需要说明的是,虽然在装置示意图中进行了功能模块划分,在流程图中示出了逻辑顺序,但是在某些情况下,可以以不同于装置中的模块划分,或流程图中的顺序执行所示出或描述的步骤。说明书和权利要求书及上述附图中的术语“第一”、“第二”等是用于区别类似的对象,而不必用于描述特定的顺序或先后次序。
首先,对本申请中涉及的若干名词进行解析:
自然语言处理(Natural Language Processing,NLP):NLP用计算机来处理、理解以及运用人类语言(如中文、英文等),NLP属于人工智能的一个分支,是计算机科学与语言学的交叉学科,又常被称为计算语言学。自然语言处理包括语法分析、语义分析、篇章理解等。自然语言处理常用于机器翻译、手写体和印刷体字符识别、语音识别及文语转换、信息检索、信息抽取与过滤、文本分类与聚类、舆情分析和观点挖掘等技术领域,它涉及与语言处理相关的数据挖掘、机器学习、知识获取、知识工程、人工智能研究和与语言计算相关的语言学研究等。
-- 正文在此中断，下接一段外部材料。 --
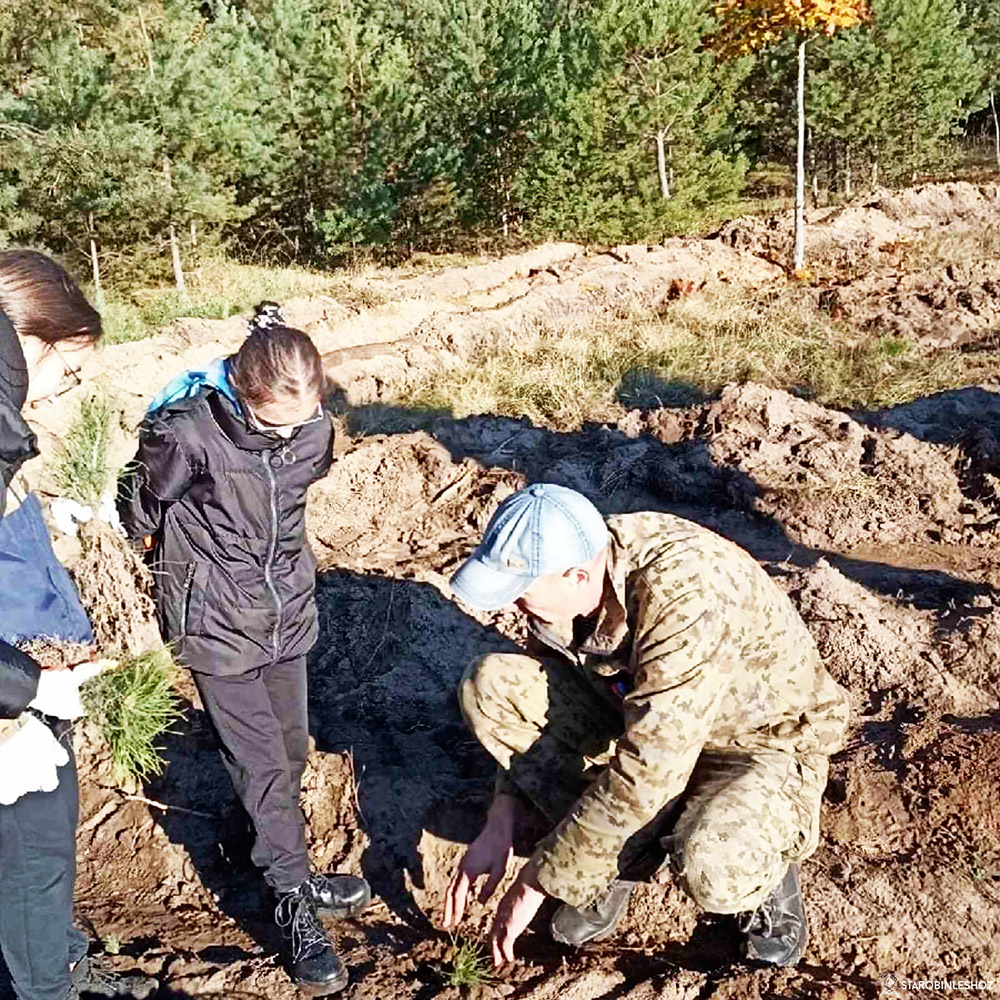 В Старобинском лесхозе продолжается добровольная республиканская акция «Аднавiм лясы разам», инициированная Министерством лесногом хозяйства Беларуси.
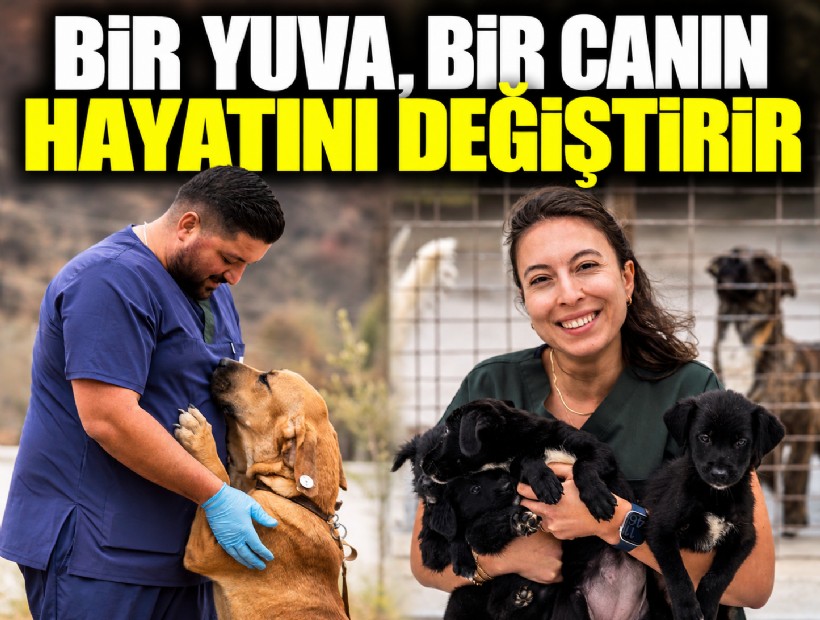 Bir yuva, bir canın hayatını değiştirir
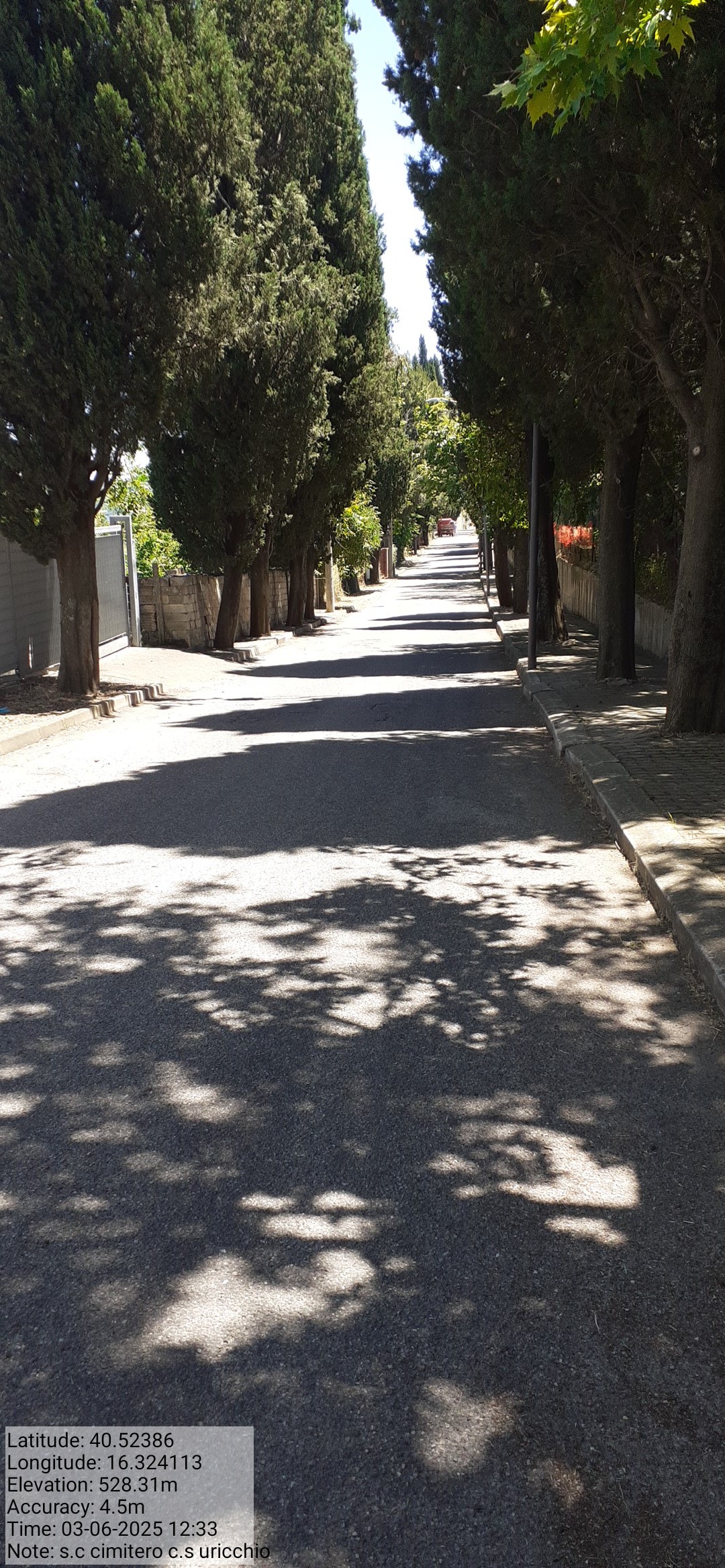 Galleria Fotografica Immagine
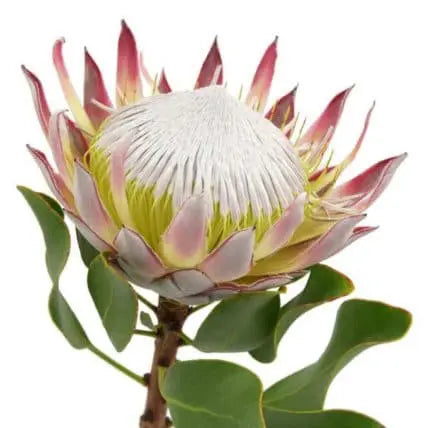 King Protea Flower 10 stems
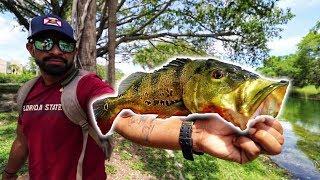 How And Where To Catch PEACOCK BASS In Florida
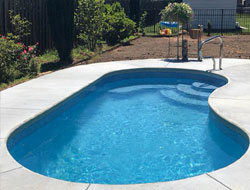 Kidney Shaped Swimming Pools Manufacturer in Faridabad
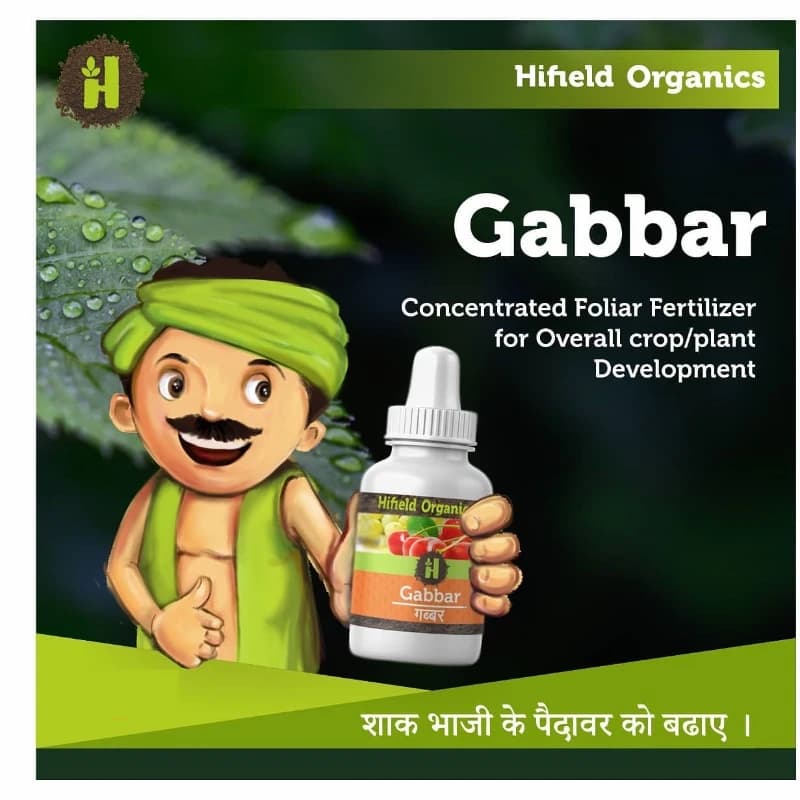 Hifield Gabbar Bio-Stimulant for Enhanced Vegetative Growth, Flowering, & High Yield - Image 2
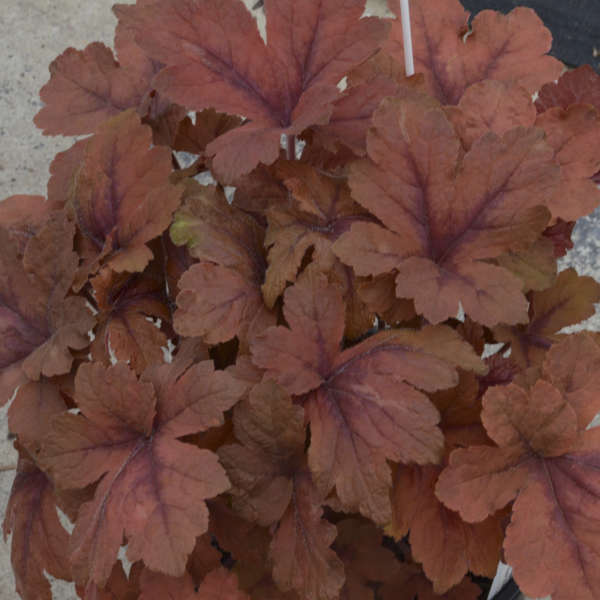 Heucherella hybrid 'Pumpkin Spice'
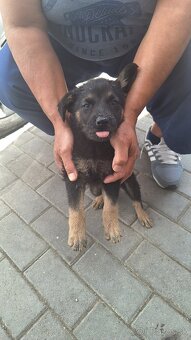 Šteňatá - 2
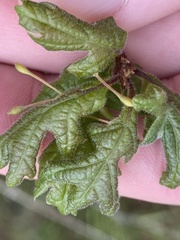 Andricus pedicellatus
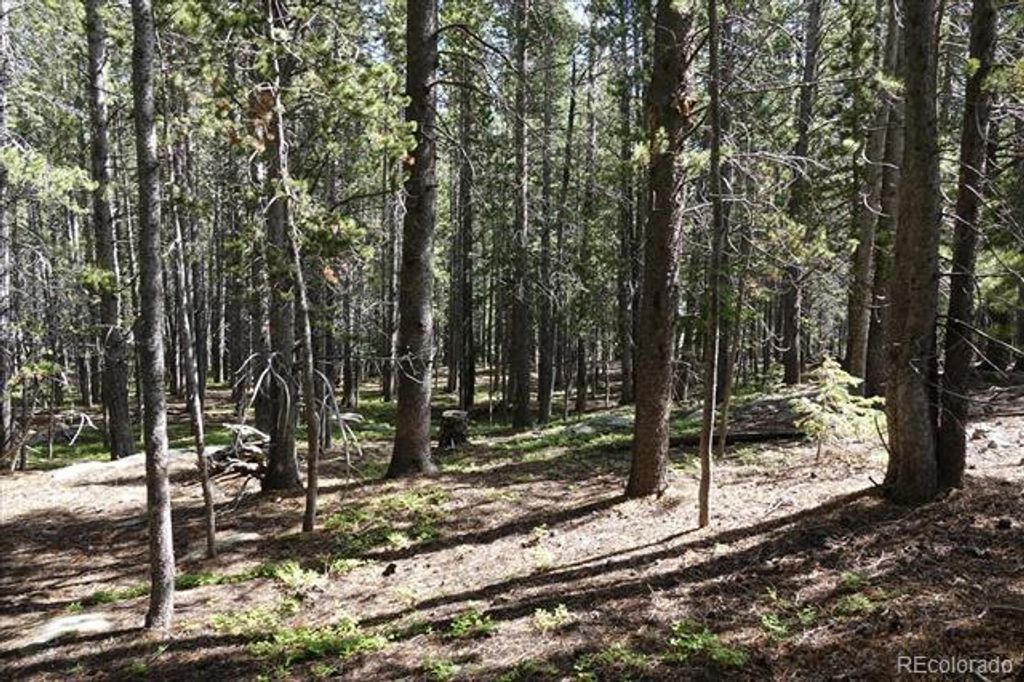 00 Upper Forest Rd, Idaho Springs, CO 80452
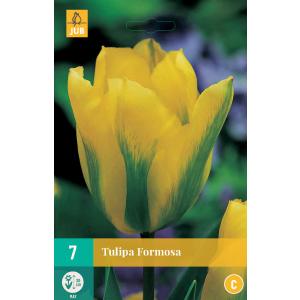 Tulipan Formosa 'C'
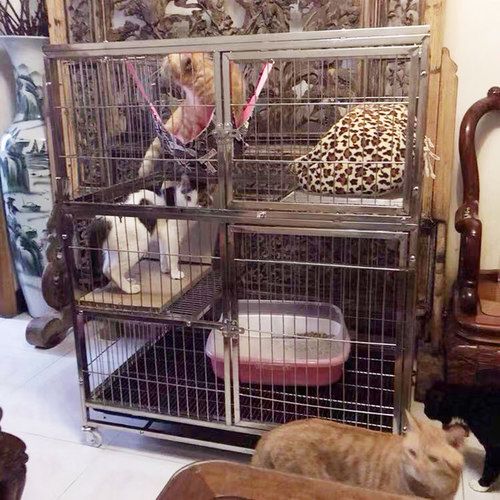 不锈钢猫笼双层三层猫笼子组合家用室内猫别墅大号猫笼子猫咪围栏 - 图2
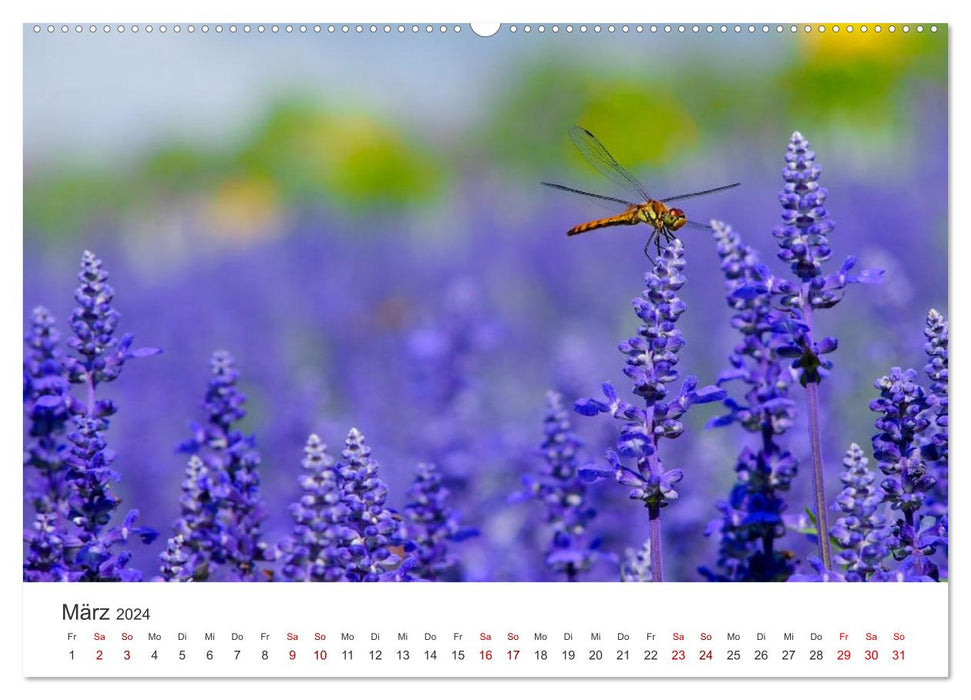 Libellules - Insectes colorés (Calvendo Premium Wall Calendar 2024) 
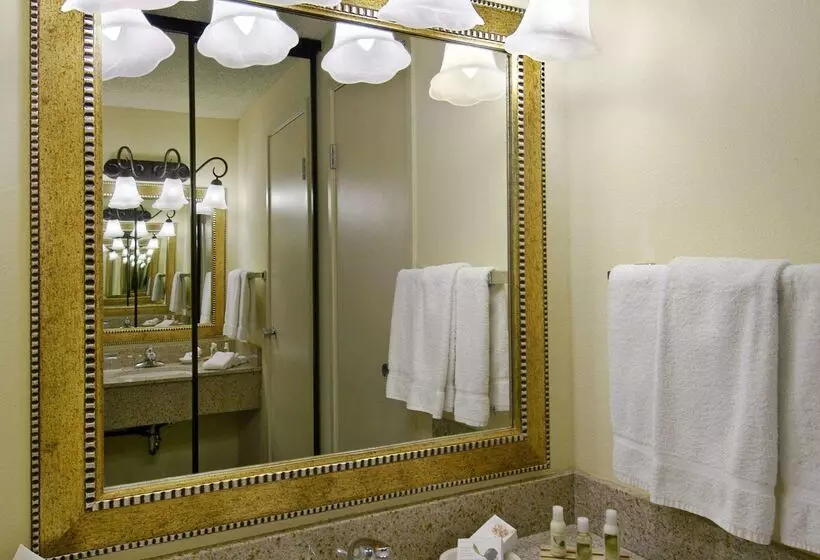 Fotos del hotel Red Lion Hotel Seattle Airport:  9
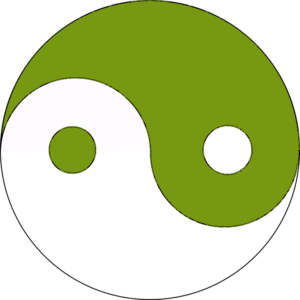 yin-and-yang-145874_960_720gr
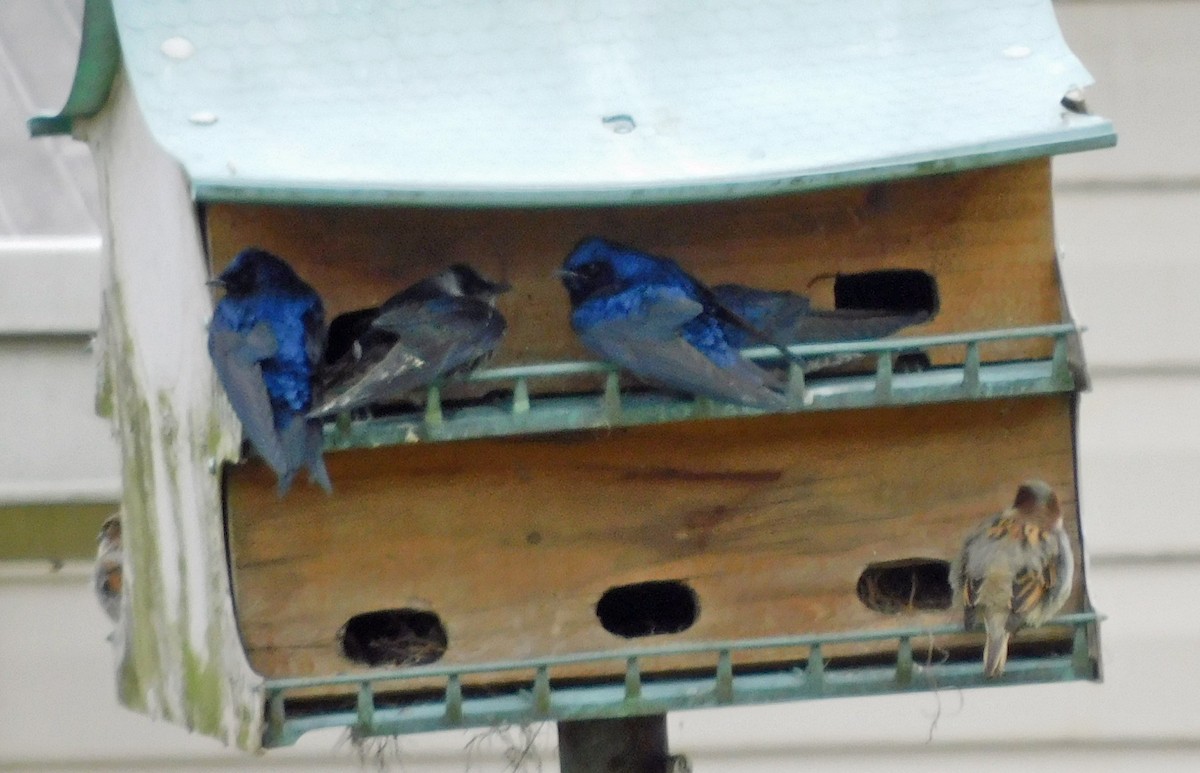 Purple Martin - ML631064559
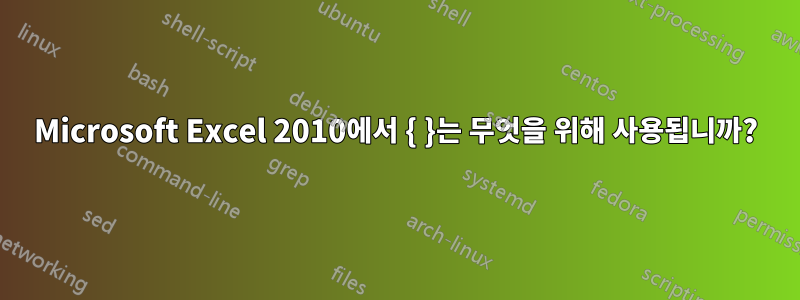 Microsoft Excel 2010에서 { }는 무엇을 위해 사용됩니까?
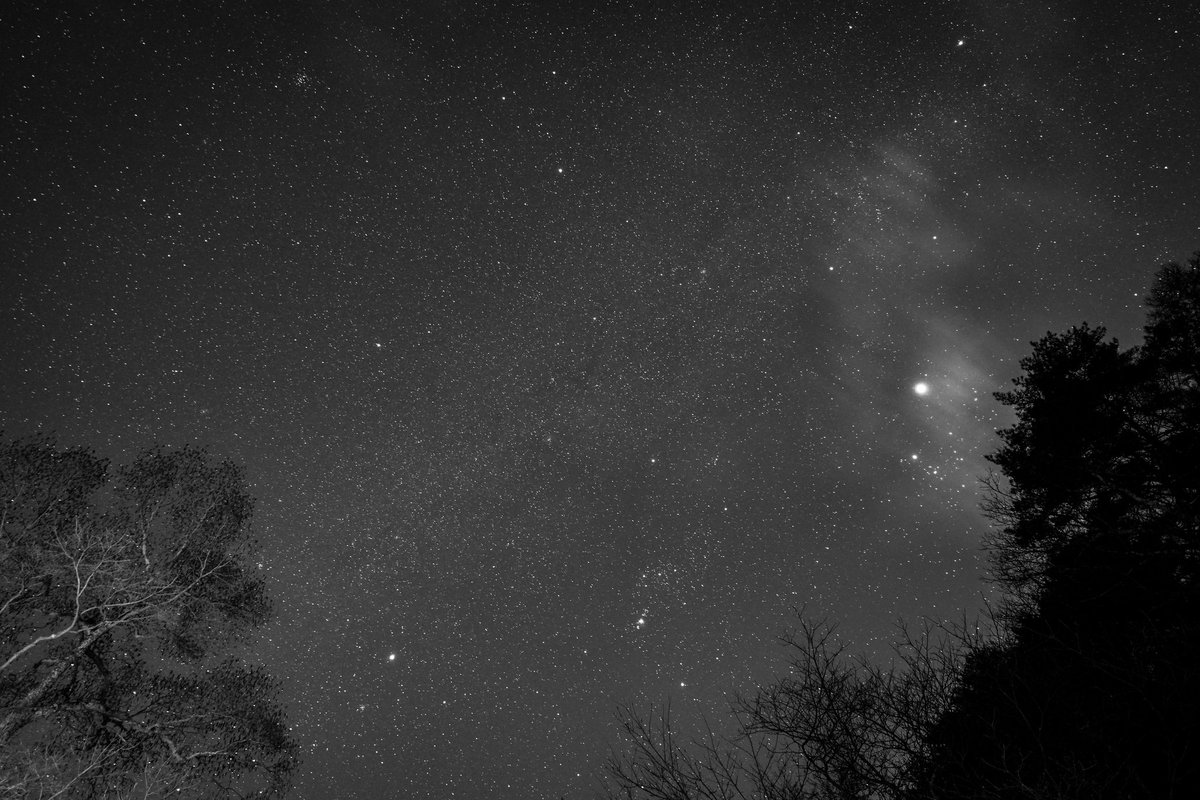 ごったん tweet media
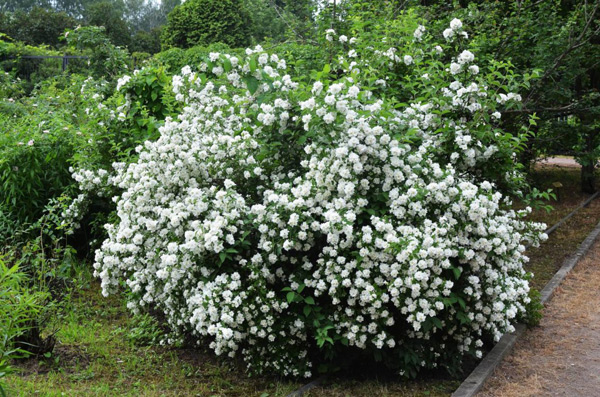 False jasmine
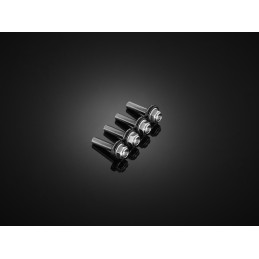 Stainless Bolts Set for Windshield Bikers Kawasaki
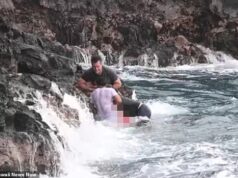 Foto comovente mostra o momento em que um jovem pai do Havaí quase foi resgatado depois de pular de um penhasco e lutar no mar… antes que ondas violentas o levassem para a morte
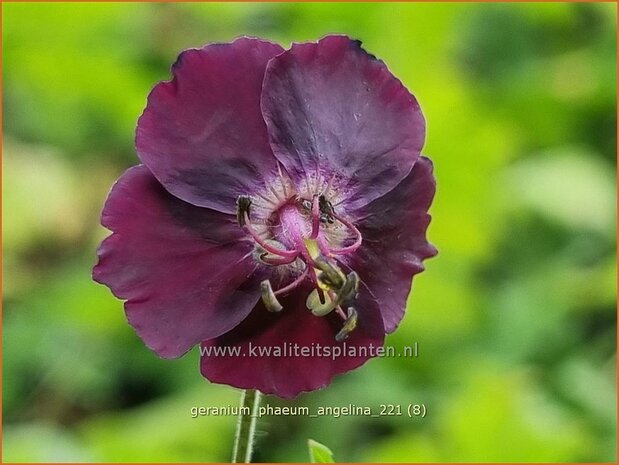 Geranium phaeum &#39;Angelina&#39; | Donkere ooievaarsbek, Ooievaarsbek, Tuingeranium | Brauner Storchschnabel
Word2Vec:是一种训练词向量的工具,Word2Vec认为经常在一个句子中出现的词语相似度是比较高的,即对于一个中心词,最大化周边单词的概率。Word2Vec采用三层网络进行训练,最后一层采用霍夫曼树(Huffuman)来预测。
GloVe:是另一种训练词向量的工具,GloVe是通过共现计数来实现的:首先,构建一个词汇的共现矩阵,每一行是一个词,每一列是句子,通过共现矩阵计算每个词在每个句子中出现的频率,由于句子是多种词汇的组合,其维度非常大,需要进行降维,即需要对共现矩阵进行降维。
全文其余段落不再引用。